All lines below must be repeated exactly, with the pictures omitted.

--- Source data ---

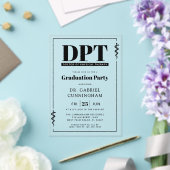 Moderne DPT Doctor of Physical Therapy Afstuderen Acryl Uitnodigingen (Insitu (Huwelijk))
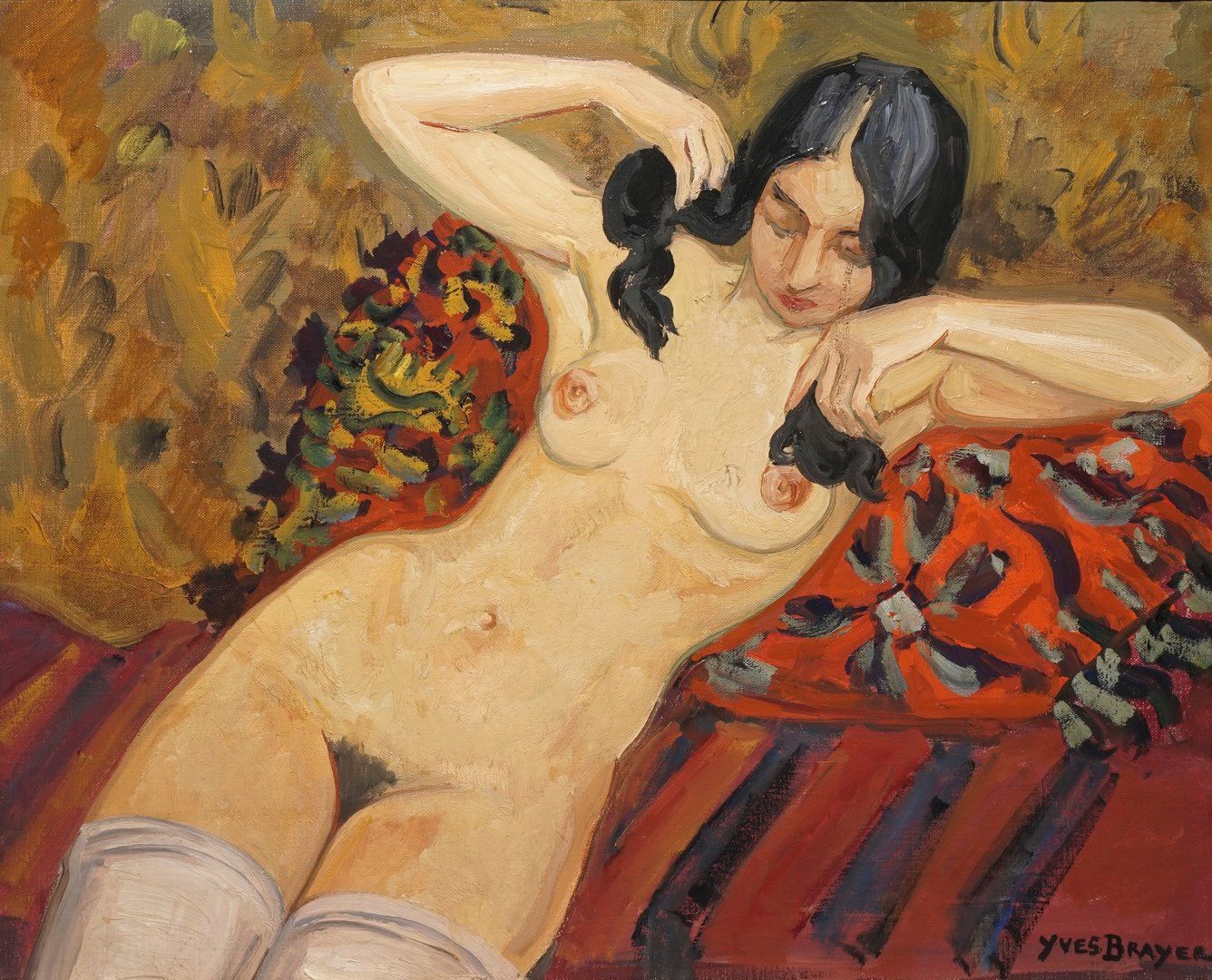 Null BRAYER Yves, 1907-1990

Nu aux bras levés

huile sur toile, signée en bas à&hellip;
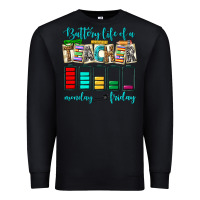 Black battery life of a teacher monday friday Premium Sweatshirt - NancyCooperArtShop
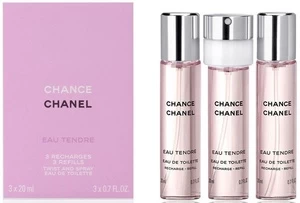 Tualetinis vanduo Chanel Chance Eau Tendre EDT moterims, 3 x 20 ml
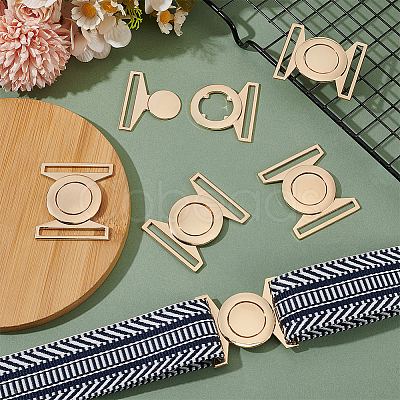 6Sets Zinc Alloy Side Release Buckles FIND-BC0013-98A-1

---

** Task output **
 Moderne DPT Doctor of Physical Therapy Afstuderen Acryl Uitnodigingen (Insitu (Huwelijk))
 Null BRAYER Yves, 1907-1990

Nu aux bras levés

huile sur toile, signée en bas à&hellip;
 Black battery life of a teacher monday friday Premium Sweatshirt - NancyCooperArtShop
 Tualetinis vanduo Chanel Chance Eau Tendre EDT moterims, 3 x 20 ml
 6Sets Zinc Alloy Side Release Buckles FIND-BC0013-98A-1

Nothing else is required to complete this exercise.